Adapun kepekaan batin adalah unsur kesadaran yang paling dalam pada diri manusia. Iman, cinta, kedamaian, kepuasan dan sejenisnya tidak bisa ditangkap oleh pancaindra. Bahkan, kadang luput dari pengertian pikiran. Tetapi bisa seketika dihayati oleh batin.

Kebudayaan tidak bisa diciptakan dengan kerakusan dan brutalitas. Sebab, batin manusia akan tersiksa. Di sisi lain, memuliakan batin kita tidak mungkin dilakukan tanpa memuliakan batin orang lain di dalam kehidupan bersama.
Apabila kesadaran batin adalah dasar kemantapan kebudayaan, kesadaran pikiran adalah motor kemajuannya. Ia sumber daya cipta yang bisa menyajikan cita-cita dan konsep untuk hidup bersama. Pikiran mampu bernalar secara sebab-akibat, sehingga melahirkan filsafat. Pikiran mampu bernalar secara analisis, sehingga melahirkan ilmu pengetahuan; atau secara paralel sehingga bisa mendekati batin, selanjutnya melahirkan mistikisme dan kesenian.
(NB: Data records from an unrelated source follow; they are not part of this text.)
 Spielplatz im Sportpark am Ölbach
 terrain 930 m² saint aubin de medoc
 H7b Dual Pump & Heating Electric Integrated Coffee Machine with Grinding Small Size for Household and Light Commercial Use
Selalu ada halangan di segenap kurun masa untuk memperkembangkan pikiran. Suatu penemuan pikiran yang akhirnya bisa diterima oleh masyarakat akan menjadi kesadaran akal sehat kolektif. Pemikiran baru yang datang kemudian, kadang-kadang sangat sulit untuk membuka dan memperkembangkan akal sehat kolektif itu.

Tanpa kelestarian dunia batin, kebudayaan tidak akan mendatangkan ketenteraman hidup kepada masyarakat. Tanpa dinamika dunia pikiran, struktur dan infrastruktur akan kehilangan fungsi, sehingga menjadi sekadar berhala belaka. Sebenarnya di dalam sila-sila kehidupan kita bersama telah tersedia jawaban yang positif. Melestarikan dunia batin akan ditunjang oleh sila Ketuhanan Yang Maha Esa. Mengembangkan filsafat kemanusiaan, mengenal adanya Kedaulatan Manusia dengan segenap hak dan kewajibannya akan ditunjang oleh Kemanusiaan Yang Adil dan Beradab. Dan hak rakyat untuk mengembangkan akal sehat kolektif dengan mempraktikkan disiplin analisis akan sesuai dengan kalimat di dalam Preambule UUD 1945 yang berbunyi: Kemudian dari pada itu untuk membentuk suatu Pemerintah Negara Indonesia yang melindungi segenap bangsa dan seluruh tumpah darah Indonesia dan untuk memajukan kesejahteraan umum, mencerdaskan kehidupan bangsa.